Repotrectinib inhibited the kinase activity of WT ROS1, TRKA–C, and ALK, and their SFMs with IC₅₀ values in the range of 0.071 to 4.46 nmol/L (Supplementary Table S3). Based on the high potency against ROS1/TRKA–C/ALK, the kinase selectivity of repotrectinib was screened at 100 nmol/L against 395 distinct kinases. Screening hits were further evaluated for kinase inhibition IC₅₀ values (Supplementary Table S5). Repotrectinib showed high potency against ROS1 and TRKA–C with approximately 15-fold selectivity over ALK. In addition, repotrectinib inhibited JAK2 and multiple SRC family members in biochemical assays (Fig. 2A).

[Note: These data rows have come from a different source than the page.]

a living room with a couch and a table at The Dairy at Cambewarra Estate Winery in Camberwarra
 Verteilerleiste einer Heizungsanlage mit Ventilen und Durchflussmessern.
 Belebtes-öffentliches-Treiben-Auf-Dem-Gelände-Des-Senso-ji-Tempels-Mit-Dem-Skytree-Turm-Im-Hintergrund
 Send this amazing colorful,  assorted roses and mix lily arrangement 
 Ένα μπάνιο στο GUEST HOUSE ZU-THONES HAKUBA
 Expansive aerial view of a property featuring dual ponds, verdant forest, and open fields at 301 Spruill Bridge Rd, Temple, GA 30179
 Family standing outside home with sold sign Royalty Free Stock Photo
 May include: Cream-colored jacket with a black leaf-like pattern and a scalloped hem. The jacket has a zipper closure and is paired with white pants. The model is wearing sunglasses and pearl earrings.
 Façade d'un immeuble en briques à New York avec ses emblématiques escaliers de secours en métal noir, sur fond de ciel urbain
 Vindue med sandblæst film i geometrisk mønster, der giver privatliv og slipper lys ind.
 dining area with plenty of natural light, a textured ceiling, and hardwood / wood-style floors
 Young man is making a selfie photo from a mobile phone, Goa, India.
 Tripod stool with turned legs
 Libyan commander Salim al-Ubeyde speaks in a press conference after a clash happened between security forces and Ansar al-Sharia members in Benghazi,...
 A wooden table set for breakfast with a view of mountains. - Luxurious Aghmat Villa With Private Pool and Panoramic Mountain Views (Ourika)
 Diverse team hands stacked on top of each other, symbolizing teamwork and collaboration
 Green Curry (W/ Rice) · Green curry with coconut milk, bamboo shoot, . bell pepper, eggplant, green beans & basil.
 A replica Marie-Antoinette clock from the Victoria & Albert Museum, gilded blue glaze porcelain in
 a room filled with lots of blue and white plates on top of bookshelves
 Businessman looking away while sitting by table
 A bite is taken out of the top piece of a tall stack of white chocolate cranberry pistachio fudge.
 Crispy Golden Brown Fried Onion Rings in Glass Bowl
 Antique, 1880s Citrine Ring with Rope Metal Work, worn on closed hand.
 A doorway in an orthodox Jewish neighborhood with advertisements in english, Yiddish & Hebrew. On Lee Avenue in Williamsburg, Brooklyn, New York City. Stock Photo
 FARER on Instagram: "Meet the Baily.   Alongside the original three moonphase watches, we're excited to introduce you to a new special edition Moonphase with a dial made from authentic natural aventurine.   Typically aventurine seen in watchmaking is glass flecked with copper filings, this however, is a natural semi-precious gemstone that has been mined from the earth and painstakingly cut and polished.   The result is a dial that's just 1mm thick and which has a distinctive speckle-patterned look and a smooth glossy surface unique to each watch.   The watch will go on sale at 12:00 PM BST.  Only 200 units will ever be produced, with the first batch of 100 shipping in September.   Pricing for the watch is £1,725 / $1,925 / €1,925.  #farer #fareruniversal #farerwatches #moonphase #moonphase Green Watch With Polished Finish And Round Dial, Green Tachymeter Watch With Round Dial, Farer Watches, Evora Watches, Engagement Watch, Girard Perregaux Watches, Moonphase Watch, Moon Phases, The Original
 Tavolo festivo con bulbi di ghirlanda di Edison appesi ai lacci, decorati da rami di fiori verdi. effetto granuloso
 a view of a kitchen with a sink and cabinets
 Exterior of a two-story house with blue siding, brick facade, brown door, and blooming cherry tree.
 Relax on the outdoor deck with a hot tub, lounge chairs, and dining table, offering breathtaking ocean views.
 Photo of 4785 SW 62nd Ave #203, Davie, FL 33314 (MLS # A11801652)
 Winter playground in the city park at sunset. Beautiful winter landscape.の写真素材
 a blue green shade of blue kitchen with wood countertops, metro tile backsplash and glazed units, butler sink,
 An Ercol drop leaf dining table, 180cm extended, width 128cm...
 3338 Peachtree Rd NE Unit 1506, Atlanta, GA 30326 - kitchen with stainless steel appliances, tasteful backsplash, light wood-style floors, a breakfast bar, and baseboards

Because each kinase has a distinct binding affinity (K_m) with ATP and a unique conformation in cells, kinase selectivity was further evaluated at the cellular level. Repotrectinib inhibited the phosphorylation of ROS1 and TRKA with IC₅₀s of <1 nmol/L in NIH3T3 CD74–ROS1 and KM12 cells, and ALK with IC₅₀ of <3 nmol/L in Karpas-299 cells (Supplementary Fig. S7). Repotrectinib inhibited JAK2 substrate STAT5 phosphorylation (IC₅₀ 158 nmol/L) in SET2 cells, and SRC phosphorylation (IC₅₀ 89 nmol/L) in H2228 cells (Supplementary Fig. S7). Overall, repotrectinib demonstrated high selectivity for ROS1, TRKA–C, and ALK in cell-based phosphorylation assays.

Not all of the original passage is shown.